# Formular -> Email



## skee (29. Januar 2007)

Hallo,

ich habe ein kleines verzwicktes Problem, bei dem ich nicht weiter weiss. Evtl wisst ihr ja was.

Ich hab ein Formular komplett in HTML gebastelt, ohne JS oder sowas, um damit direkt mails verschicken zu können.
Während des Erstellungsprozesses, habe ich, mit Firefox, nach jedem erstellten Feld geprüft, ob dieses auch korrekt in das Email-Fenster, Outlook, übertragen wird. Hat wunderbar funktioniert, aber ab einem bestimmten Punkt ging bei Knopfdruck auf einmal kein EMail-Fenster mehr auf. Wenn ich das mit dem IE versuche, geht zwar ein mail-Fenster auf, aber es steht nur 1 kryptisches zeichen drin.

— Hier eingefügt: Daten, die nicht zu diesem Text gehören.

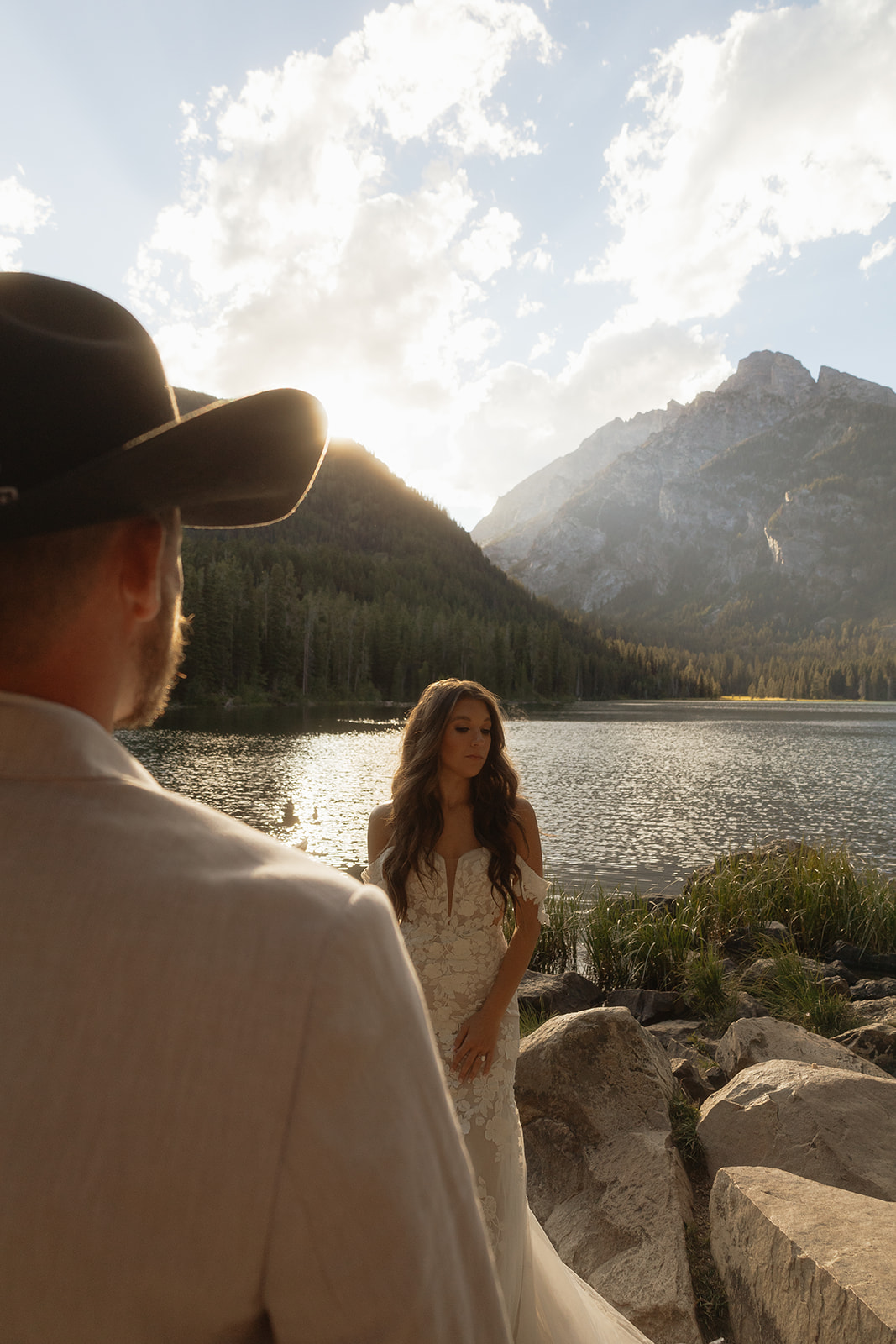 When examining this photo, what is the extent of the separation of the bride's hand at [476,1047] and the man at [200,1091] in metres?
2.65

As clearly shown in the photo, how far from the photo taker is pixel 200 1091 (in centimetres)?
70

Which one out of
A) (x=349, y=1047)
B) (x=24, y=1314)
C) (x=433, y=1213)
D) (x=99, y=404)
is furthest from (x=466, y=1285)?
(x=99, y=404)

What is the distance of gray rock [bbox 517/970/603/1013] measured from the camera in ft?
27.2

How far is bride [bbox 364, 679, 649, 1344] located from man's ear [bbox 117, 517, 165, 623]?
8.31 feet

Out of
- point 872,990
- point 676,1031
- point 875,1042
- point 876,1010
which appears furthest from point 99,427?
point 872,990

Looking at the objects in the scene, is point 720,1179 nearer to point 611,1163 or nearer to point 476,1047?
point 611,1163

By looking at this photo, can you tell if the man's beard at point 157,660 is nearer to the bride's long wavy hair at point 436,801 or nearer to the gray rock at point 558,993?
the bride's long wavy hair at point 436,801

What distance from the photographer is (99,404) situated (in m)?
0.88

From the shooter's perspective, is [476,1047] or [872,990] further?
[872,990]

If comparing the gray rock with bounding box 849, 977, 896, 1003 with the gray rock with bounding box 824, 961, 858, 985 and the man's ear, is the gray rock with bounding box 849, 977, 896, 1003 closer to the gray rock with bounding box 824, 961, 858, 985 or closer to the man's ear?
the gray rock with bounding box 824, 961, 858, 985

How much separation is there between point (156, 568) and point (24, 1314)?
777mm

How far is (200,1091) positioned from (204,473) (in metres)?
0.69

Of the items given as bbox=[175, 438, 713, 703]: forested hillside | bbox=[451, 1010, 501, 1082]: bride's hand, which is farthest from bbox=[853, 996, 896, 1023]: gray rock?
bbox=[175, 438, 713, 703]: forested hillside

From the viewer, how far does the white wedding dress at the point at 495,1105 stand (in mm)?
2318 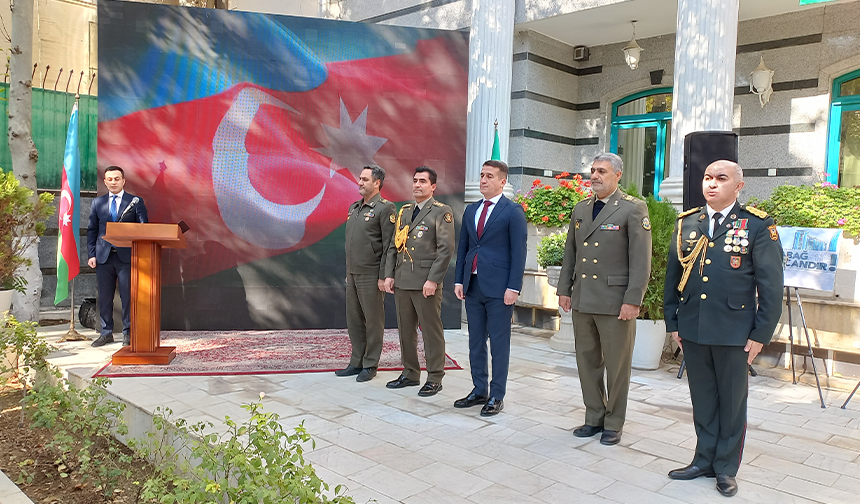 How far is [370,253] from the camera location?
6016 millimetres

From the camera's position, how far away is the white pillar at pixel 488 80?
971 centimetres

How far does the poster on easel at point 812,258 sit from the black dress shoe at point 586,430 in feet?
8.94

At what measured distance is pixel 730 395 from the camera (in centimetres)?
365

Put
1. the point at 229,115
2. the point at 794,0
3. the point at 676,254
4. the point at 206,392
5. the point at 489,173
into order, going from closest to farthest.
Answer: the point at 676,254
the point at 489,173
the point at 206,392
the point at 229,115
the point at 794,0

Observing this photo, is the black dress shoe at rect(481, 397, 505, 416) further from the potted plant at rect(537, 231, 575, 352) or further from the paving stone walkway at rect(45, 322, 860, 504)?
the potted plant at rect(537, 231, 575, 352)

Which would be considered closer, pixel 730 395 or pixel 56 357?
pixel 730 395

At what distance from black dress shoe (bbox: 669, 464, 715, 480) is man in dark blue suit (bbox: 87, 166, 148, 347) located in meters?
5.99

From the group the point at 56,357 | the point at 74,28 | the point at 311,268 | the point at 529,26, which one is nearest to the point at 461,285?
the point at 311,268

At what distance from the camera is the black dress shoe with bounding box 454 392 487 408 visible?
17.0 ft

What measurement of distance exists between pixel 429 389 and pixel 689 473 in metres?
2.30

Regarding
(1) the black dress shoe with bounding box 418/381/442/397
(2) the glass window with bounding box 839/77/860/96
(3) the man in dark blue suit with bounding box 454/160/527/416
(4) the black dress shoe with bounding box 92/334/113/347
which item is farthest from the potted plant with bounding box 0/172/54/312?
(2) the glass window with bounding box 839/77/860/96

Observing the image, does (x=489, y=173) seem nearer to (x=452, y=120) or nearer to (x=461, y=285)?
(x=461, y=285)

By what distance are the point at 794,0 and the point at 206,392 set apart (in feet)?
30.1

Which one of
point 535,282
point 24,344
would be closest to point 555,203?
point 535,282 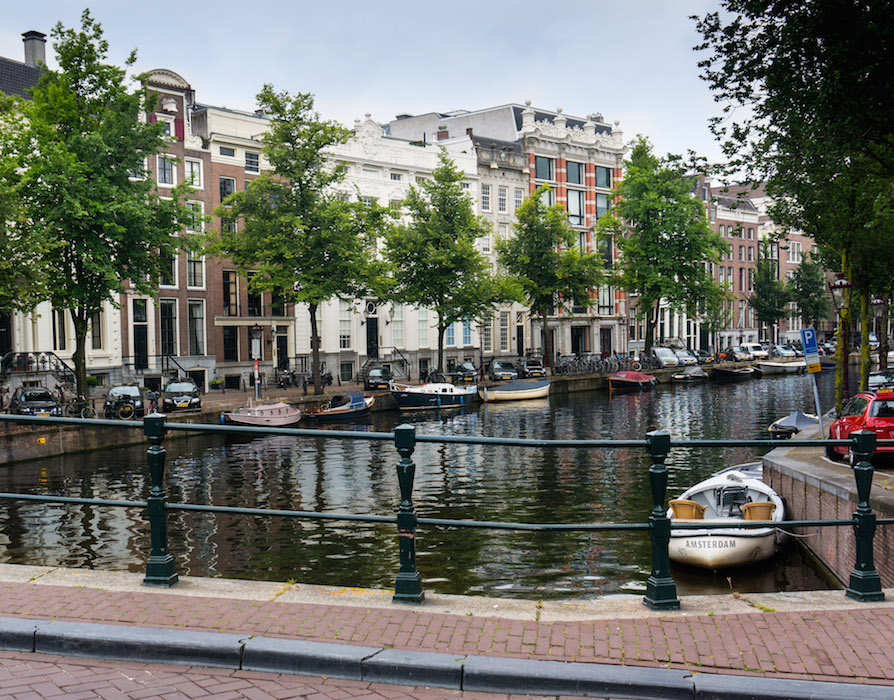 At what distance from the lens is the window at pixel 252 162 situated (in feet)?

Bei einem Kollegen, der IE und Lotus Notes benutzt, funktioniert das ganze dagegegn wunderbar.

Hat evtl jemand nen Tipp, an welcher Stelle der fehler liegen könnte?

Danke
Tobi


----------



## franz007 (29. Januar 2007)

Der code zum Problem wäre sehr hilfreich.


----------



## LOK (30. Januar 2007)

hi,

passt zwar nicht wirklich zur Frage, aber ich wuerde empfehlen keine Mail-Formulare darauf aufzubauen, dass durch dieses das Standart-Mailprogramm gestartet wird.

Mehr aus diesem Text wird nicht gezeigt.